Unicode::Normalize - Unicode Normalization Forms
(1) using function names exported by default:
use Unicode::Normalize;
$NFD_string = NFD($string); # Normalization Form D
$NFC_string = NFC($string); # Normalization Form C
$NFKD_string = NFKD($string); # Normalization Form KD
$NFKC_string = NFKC($string); # Normalization Form KC
(2) using function names exported on request:
use Unicode::Normalize 'normalize';
$NFD_string = normalize('D', $string); # Normalization Form D
$NFC_string = normalize('C', $string); # Normalization Form C
$NFKD_string = normalize('KD', $string); # Normalization Form KD
$NFKC_string = normalize('KC', $string); # Normalization Form KC
Parameters:
$string
is used as a string under character semantics (see perlunicode).
$code_point
should be an unsigned integer representing a Unicode code point.
Note: Between XSUB and pure Perl, there is an incompatibility about the interpretation of $code_point
as a decimal number. XSUB converts $code_point
to an unsigned integer, but pure Perl does not. Do not use a floating point nor a negative sign in $code_point
.
$NFD_string = NFD($string)
It returns the Normalization Form D (formed by canonical decomposition).
$NFC_string = NFC($string)
It returns the Normalization Form C (formed by canonical decomposition followed by canonical composition).
$NFKD_string = NFKD($string)
It returns the Normalization Form KD (formed by compatibility decomposition).
$NFKC_string = NFKC($string)
It returns the Normalization Form KC (formed by compatibility decomposition followed by canonical composition).
$FCD_string = FCD($string)
If the given string is in FCD ("Fast C or D" form; cf. UTN #5), it returns the string without modification; otherwise it returns an FCD string.
Note: FCD is not always unique, then plural forms may be equivalent each other. FCD()
will return one of these equivalent forms.
$FCC_string = FCC($string)
It returns the FCC form ("Fast C Contiguous"; cf. UTN #5).
Note: FCC is unique, as well as four normalization forms (NF*).
$normalized_string = normalize($form_name, $string)
It returns the normalization form of $form_name
.
As $form_name
, one of the following names must be given.
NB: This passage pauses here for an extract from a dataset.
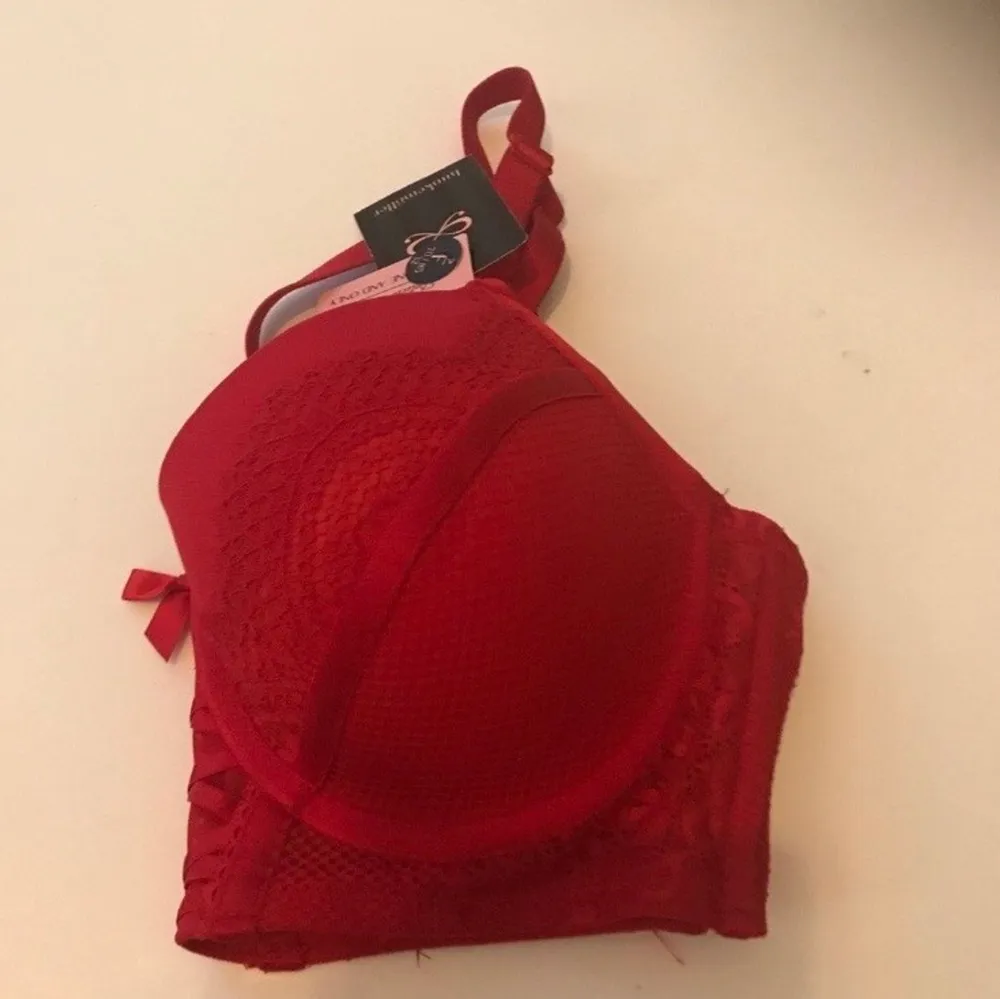 Helt ny bh från hunkemöller i storlek 70F med prislapp kvar. Hämtas upp eller skickas mot porto. Frimärken: 24kr, spårbar frakt: 66kr . Övrigt.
'C' or 'NFC' for Normalization Form C (UAX #15)
'D' or 'NFD' for Normalization Form D (UAX #15)
'KC' or 'NFKC' for Normalization Form KC (UAX #15)
'KD' or 'NFKD' for Normalization Form KD (UAX #15)
'FCD' for "Fast C or D" Form (UTN #5)
'FCC' for "Fast C Contiguous" (UTN #5)
$decomposed_string = decompose($string [, $useCompatMapping])
It returns the concatenation of the decomposition of each character in the string.
If the second parameter (a boolean) is omitted or false, the decomposition is canonical decomposition; if the second parameter (a boolean) is true, the decomposition is compatibility decomposition.
The string returned is not always in NFD/NFKD. Reordering may be required.
$NFD_string = reorder(decompose($string)); # eq. to NFD()
$NFKD_string = reorder(decompose($string, TRUE)); # eq. to NFKD()
$reordered_string = reorder($string)
It returns the result of reordering the combining characters according to Canonical Ordering Behavior.
For example, when you have a list of NFD/NFKD strings, you can get the concatenated NFD/NFKD string from them, by saying
$concat_NFD = reorder(join '', @NFD_strings);
$concat_NFKD = reorder(join '', @NFKD_strings);
$composed_string = compose($string)
It returns the result of canonical composition without applying any decomposition.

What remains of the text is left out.